Abstract: There is a substantial gap in provision of adequate surgical care in many low- and middle-income countries. This study aimed to identify the economic burden of unmet surgical need for the common condition of appendicitis. Methods Data on the incidence of appendicitis from 170 countries and two different approaches were used to estimate numbers of patients who do not receive surgery: as a fixed proportion of the total unmet surgical need per country (approach 1); and based on country income status (approach 2).

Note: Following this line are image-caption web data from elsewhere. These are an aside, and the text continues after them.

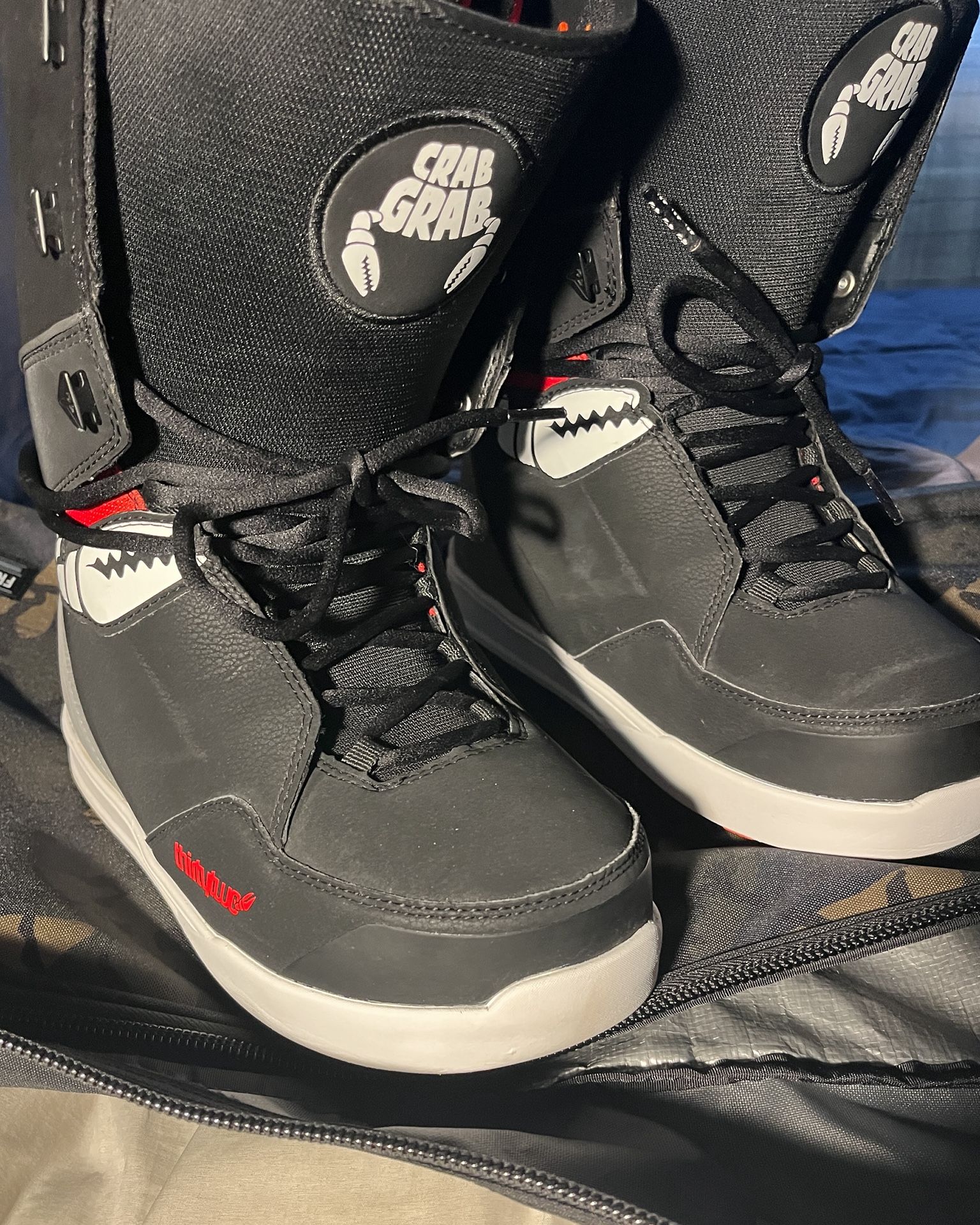 Thirtytwo Lashed X Crabgrab Men's 9.5 Snowboarding Boots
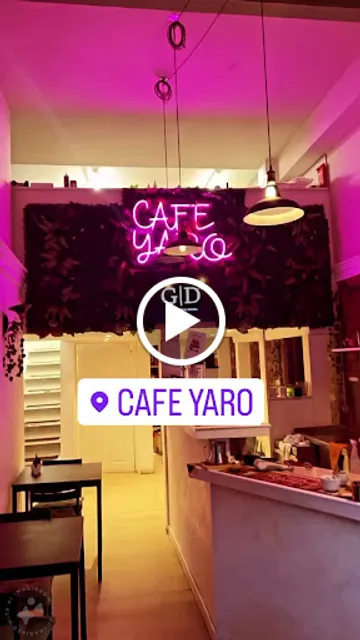Cafe Yaro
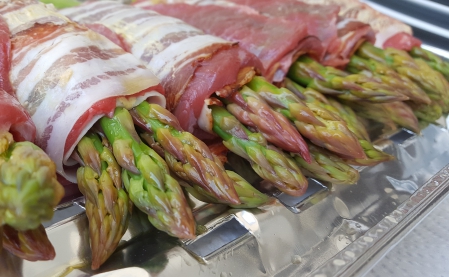 Spargelrouladen auf dem Grill
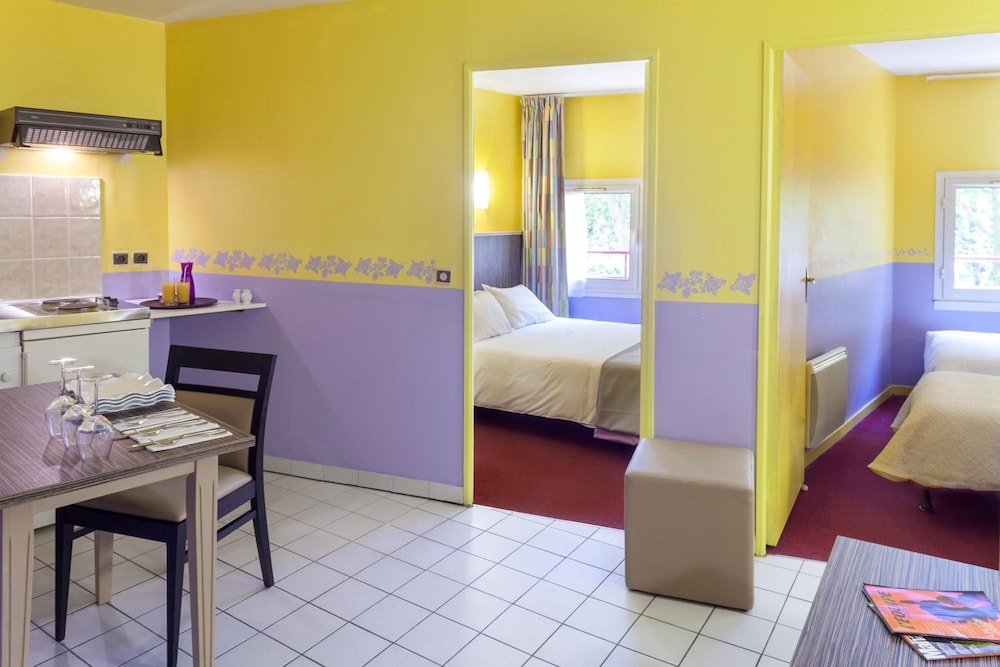 The Originals City Hotel Le Lion Dorr Chinon Inter Hotel 58/76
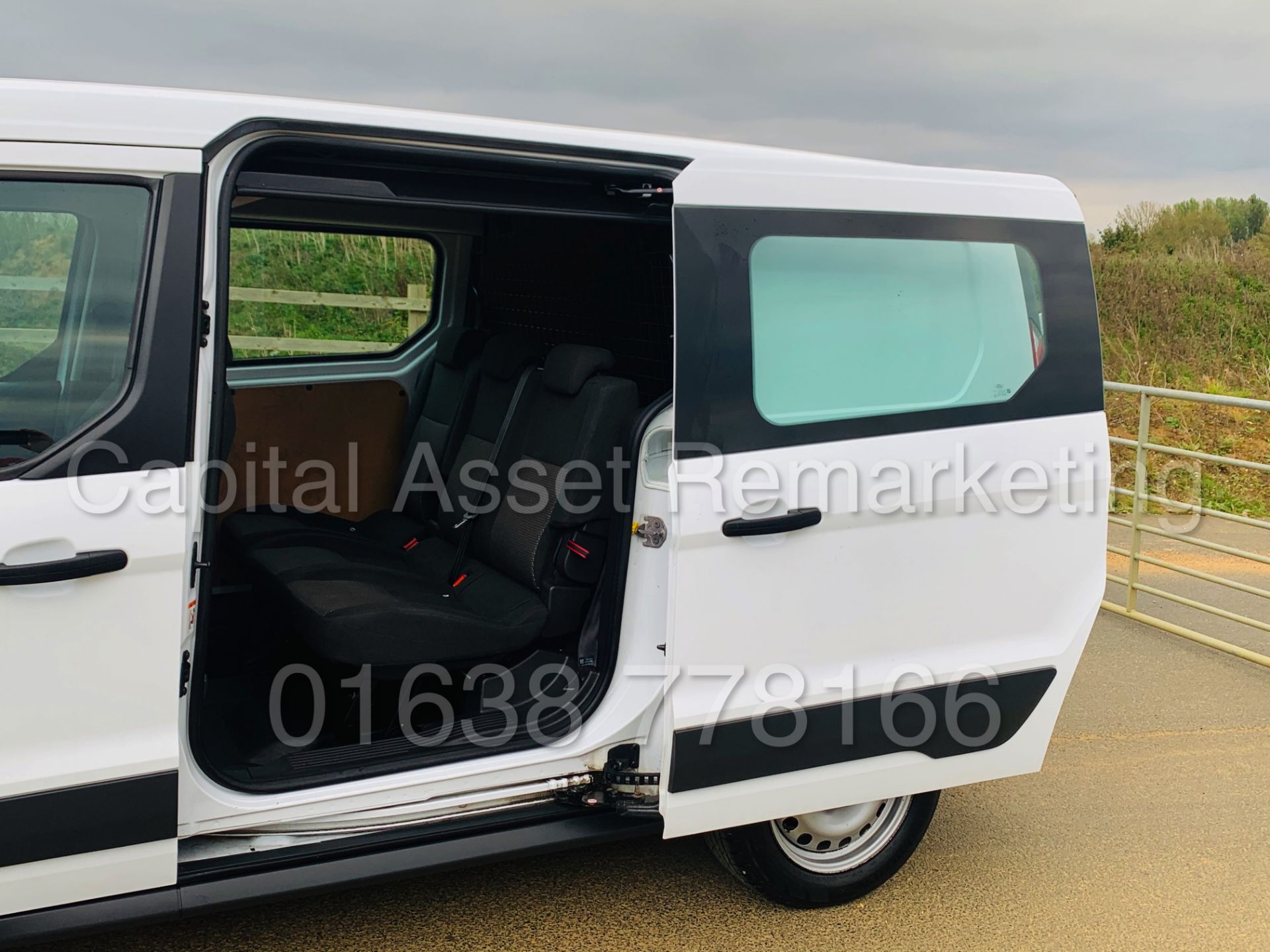 ON SALE FORD TRANSIT CONNECT *LWB- 5 SEATER CREW VAN* (2018 - EURO 6) 1.5 TDCI *AIR CON* (1 OWNER) - Image 22 of 45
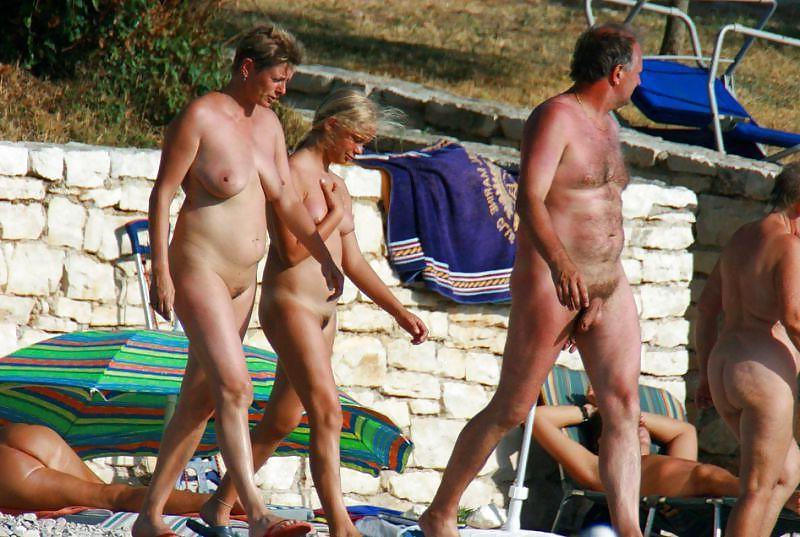25P Cute Beach Teens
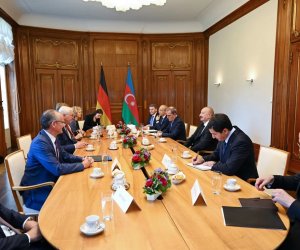 Azərbaycan və Almaniya prezidentlərinin geniş tərkibdə görüşü olub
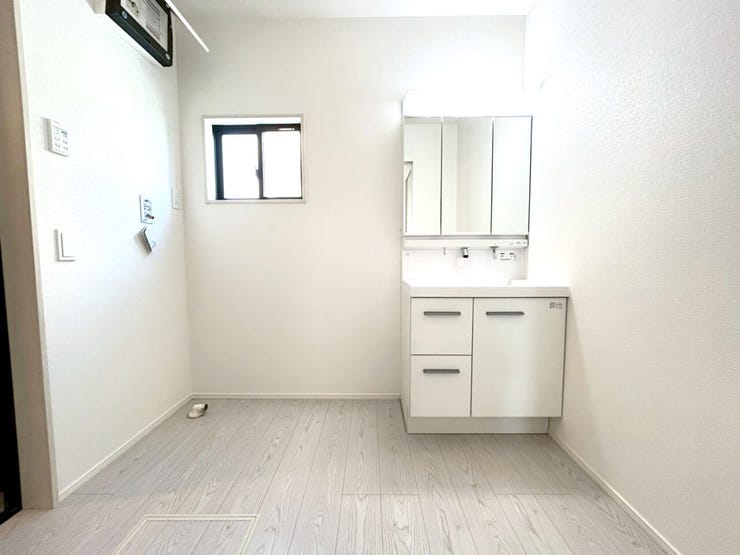 ファミリークローク♪小倉南区中貫新築戸建て◎駐車場3台◎WIC◎廊下収納◎パントリー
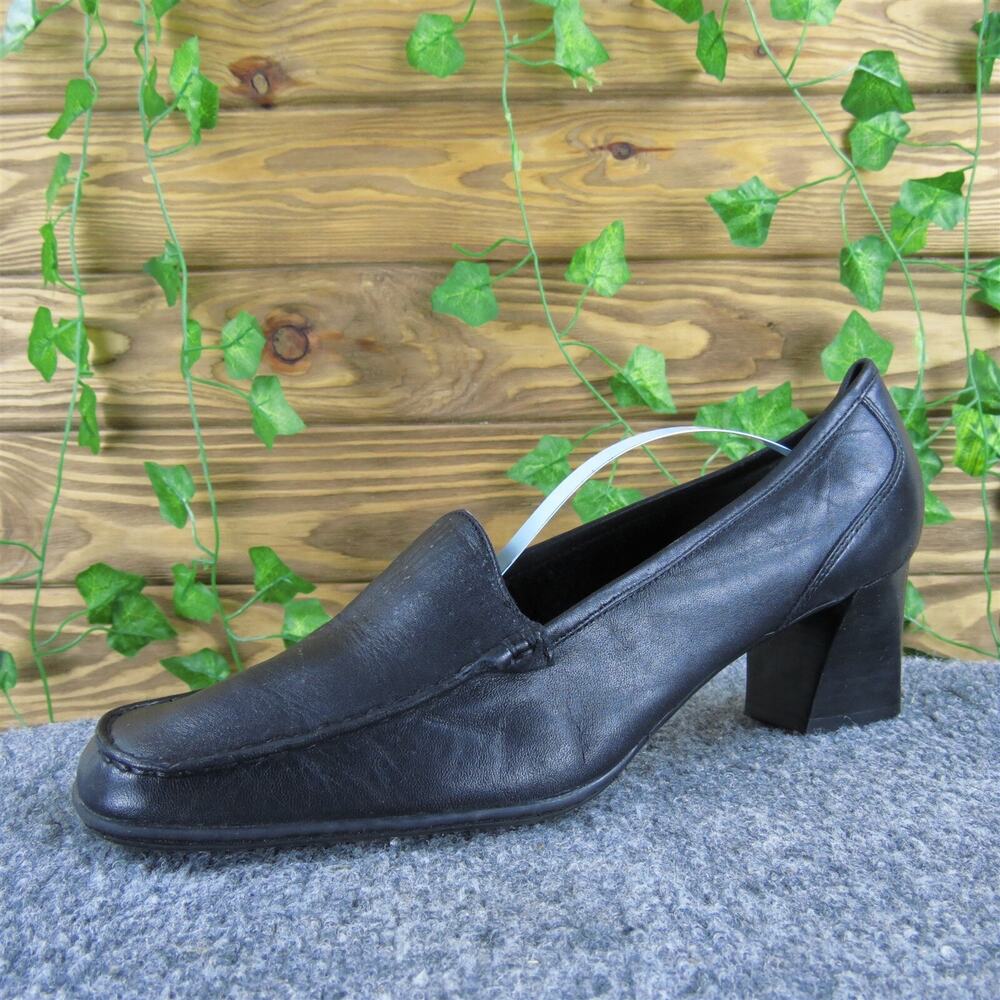 Naturalizer Black Leather Block Heel Loafers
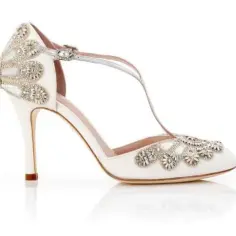Jakie buty do sukni ivory? 7 idealnych propozycji dla panny młodej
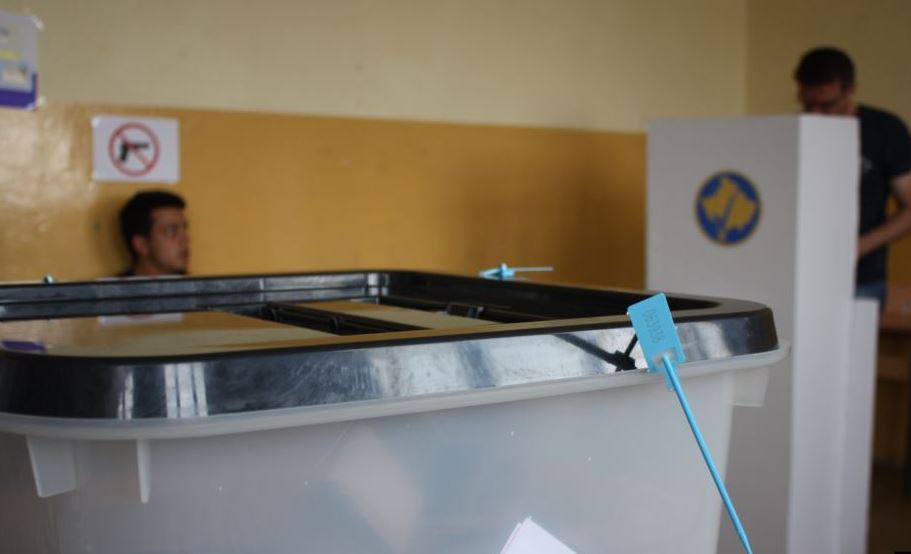 Monitoruesit identifikojnë të metat që përcjellin zgjedhjet në Kosovë
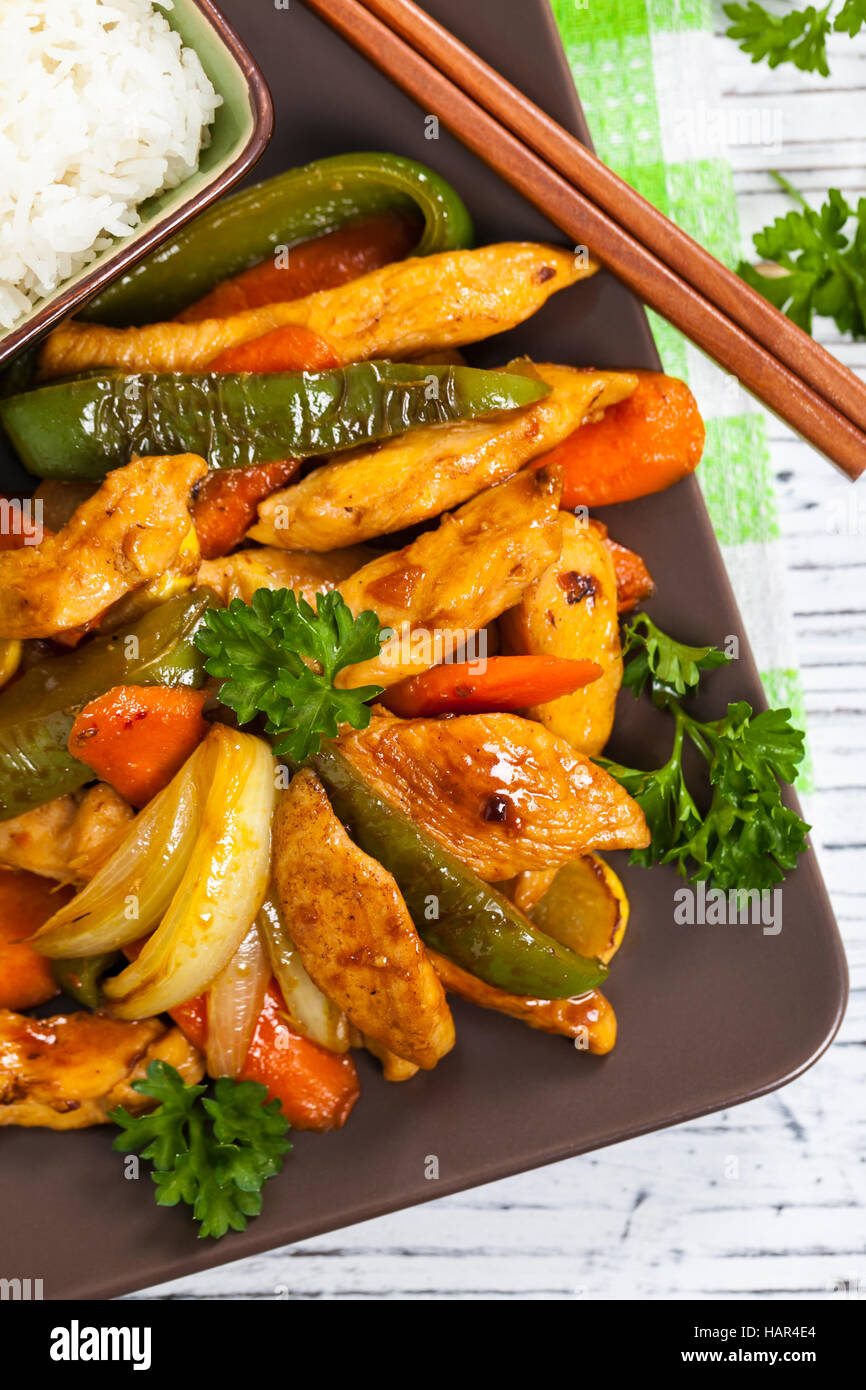 Chicken and Vegetable Asian Stir-Fry Stock Photo - Alamy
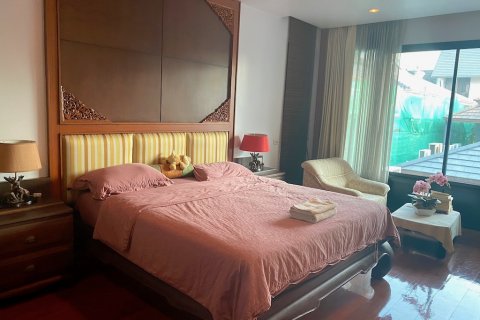 Casa de 7 dormitorios en Bangkok, Tailandia № 66492 - foto 10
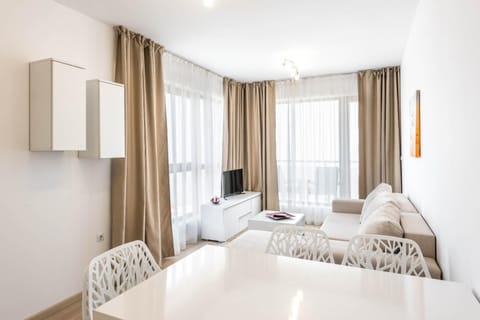 Communal lounge/ TV room, Living room, Seating area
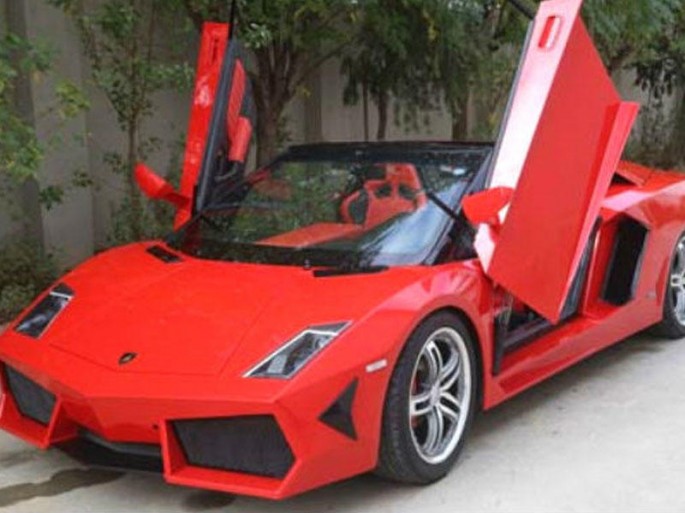 Qardaşlar birləşib "Lamborghini" istehsal etdi – VİDEO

Indirect costs with current levels of access and local quality, and those if quality were at the standards of high-income countries, were estimated. A human capital approach was applied, focusing on the economic burden resulting from premature death and absenteeism. Results Excess mortality was 4185 per 100 000 cases of appendicitis using approach 1 and 3448 per 100 000 using approach 2. The economic burden of continuing current levels of access and local quality was US $92 492 million using approach 1 and $73 141 million using approach 2. The economic burden of not providing surgical care to the standards of high-income countries was $95 004 million using approach 1 and $75 666 million using approach 2. The largest share of these costs resulted from premature death (97.7 per cent) and lack of access (97.0 per cent) in contrast to lack of quality. Conclusion For a comparatively non-complex emergency condition such as appendicitis, increasing access to care should be prioritized. Although improving quality of care should not be neglected, increasing provision of care at current standards could reduce societal costs substantially.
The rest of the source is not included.